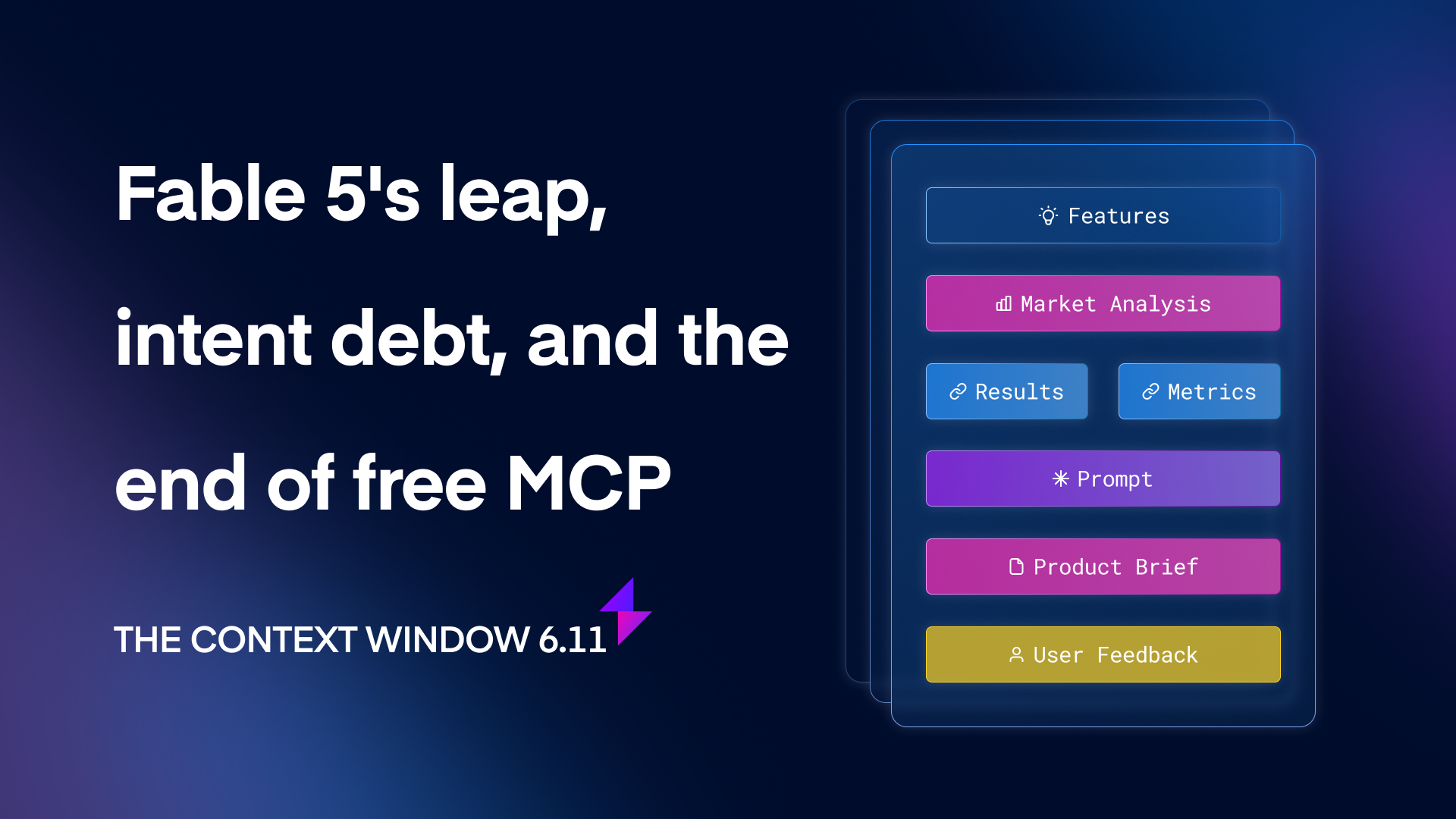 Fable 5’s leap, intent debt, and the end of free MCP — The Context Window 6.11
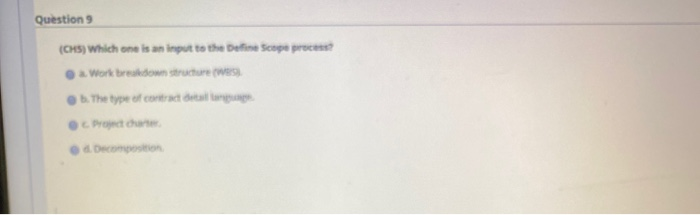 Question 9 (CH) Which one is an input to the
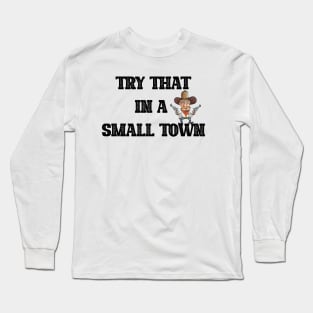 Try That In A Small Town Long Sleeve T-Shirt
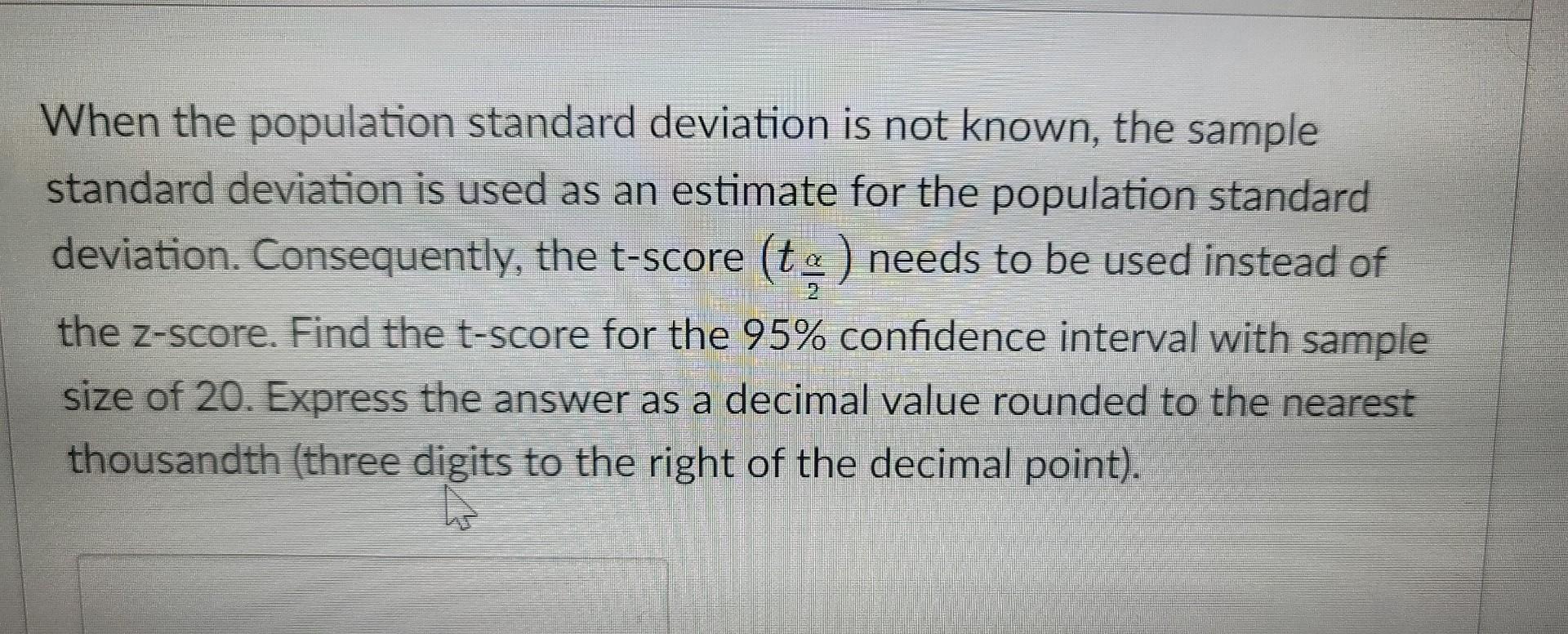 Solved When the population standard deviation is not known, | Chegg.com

EXERCISE REQUIREMENTS – Would you copy all the material exactly, dropping the pictures?

RESULT OF THE TASK –
 Fable 5’s leap, intent debt, and the end of free MCP — The Context Window 6.11
 Question 9 (CH) Which one is an input to the
 Try That In A Small Town Long Sleeve T-Shirt
 Solved When the population standard deviation is not known, | Chegg.com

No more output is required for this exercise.